“Born in Jerusalem and Still Alive”
“If there was a terror attack on a bus and 8 people died, you can still go for a beer, and even on a date, because it’s routine,” Ronen explains to a group of tourists. “But if there was a bombing in a café and 15 people died, that’s an exception. You can still go for a beer, because we are stronger than that. But not on a date, because it’s not romantic.” Ronen is the protagonist of the new black comedy and winner of the Best Debut award, “Born in Jerusalem and Still Alive.” He’s a twenty-something schlemiel, leading tours of terror attack sites in his native Jerusalem. This is not a business for him—he doesn’t charge for the tours. Rather, it is his way to heal from the scarring trauma of coming of age in late 1990s-early 2000s, when the violence between Israelis and Palestinians shaped the everyday fabric of life in the region.

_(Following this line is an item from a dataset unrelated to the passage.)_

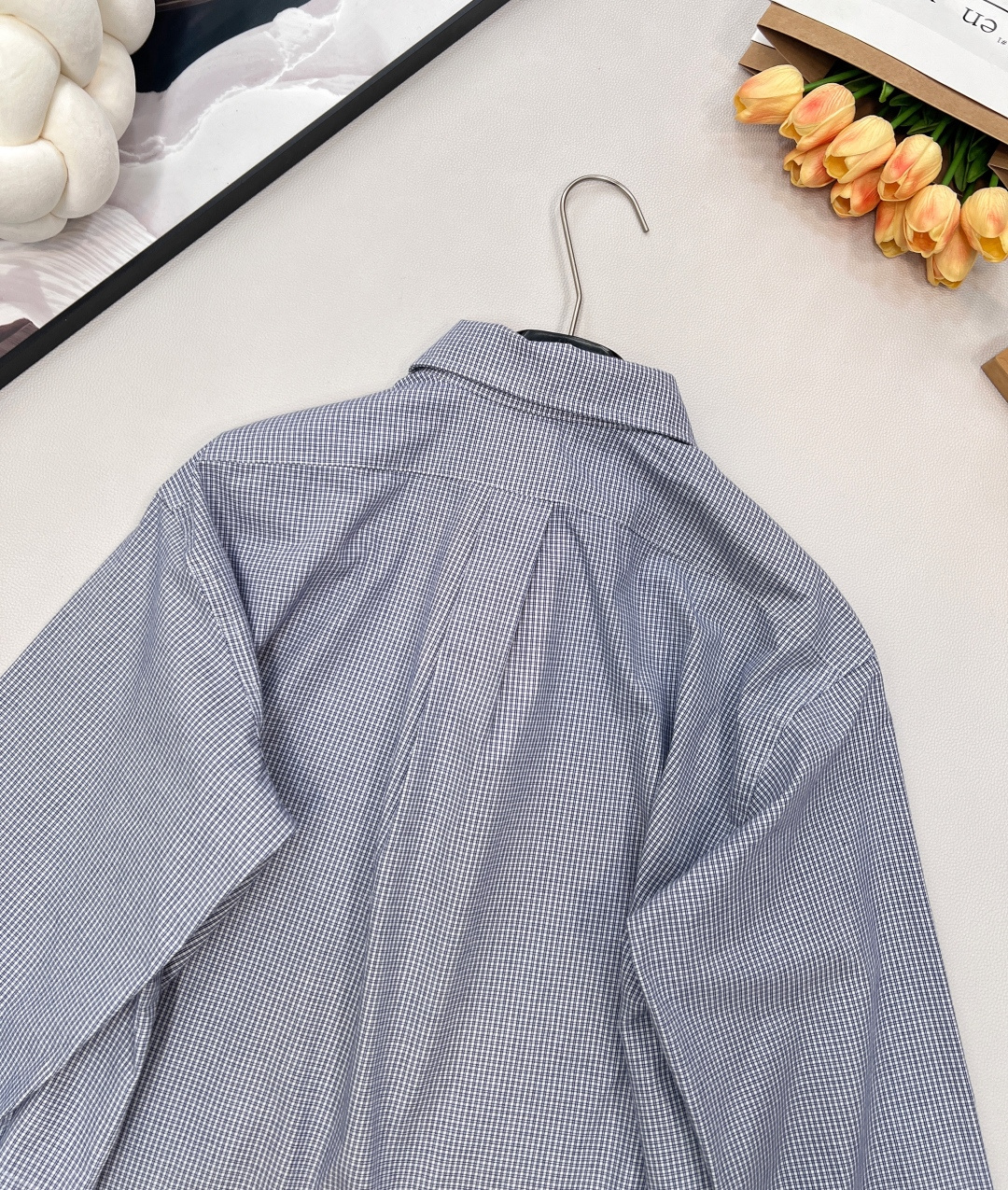 🆕Miumiu2025新款字母贴片短款格子衬衣，定制YB进口棉府绸材质，柔软亲肤，舒适不易皱，长袖短款衬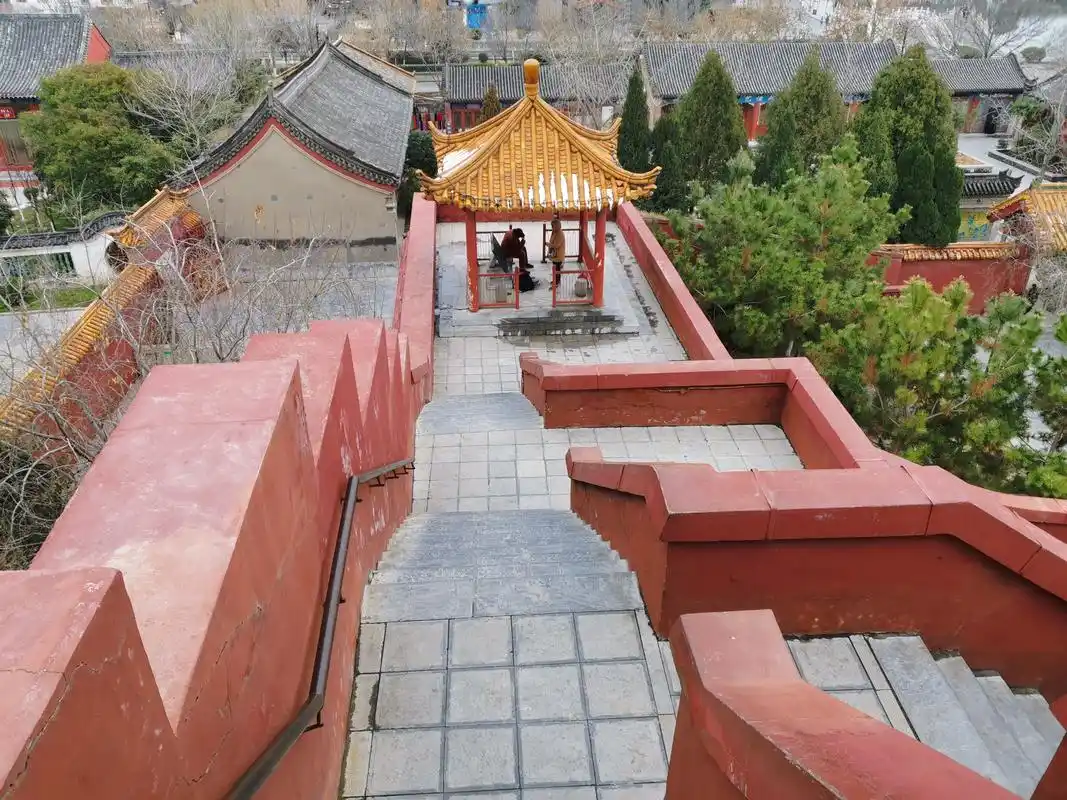 河南也有个"故宫",为六朝皇宫,门票只比北京便宜10元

Ronen is played by first-time writer-director Yossi Atia, who based the script on his real life. Like his protagonist, Atia grew up in the center of Jerusalem, lived through the bombings, was haunted by nightmares at night and fears during the day, and started leading tours as a way of coping. As he told me after the screening, he didn’t plan to make a narrative feature. For years he tried to make a documentary about his tours, but it didn’t work out. Then he made it into a short comedy. Ultimately, he fictionalized his story, added a romantic subplot, and brought it to the veteran Israeli filmmaker, David Ofek, who then co-directed the film with him.
Don’t expect probing investigation into the roots of violence or political complexity from what essentially is a dark rom-com. The occupation and Israel’s oppression don’t figure into the story. But politics do enter the film, just very gently: as Ronen leads his groups through the sites, he points out memorial plaques. “This one is from 1997,” he comments, “It says, ‘May they rest in peace’. But this one is from 2002, it says, ‘May God avenge their deaths’.” In his charming broken English, he explains, “Israeli society became more revenge.”
The film’s main achievement is its insight into the experience of Israelis for whom sudden, violent death was a daily reality. (There are no Palestinians on screen, even though they make up a large part of Jerusalem’s population.) The scenes in which Ronen teaches the tourists the ropes are the best ones. In addition to talking them through dating dilemmas in a time of terror, he demonstrates to his audience how to make a phone call to a loved one after a bombing: “Hi, are you ok? I’m ok. I love you too, bye.” There is a formula to it. Then he distributes to his motley group old flip phones and asks them to make such phone calls, in their mother-tongues. The camera zooms in on the urgent expressions on the tourists’ faces as they make frantic multilingual “calls,” and then fall silent. Scenes like that send chills down the spine.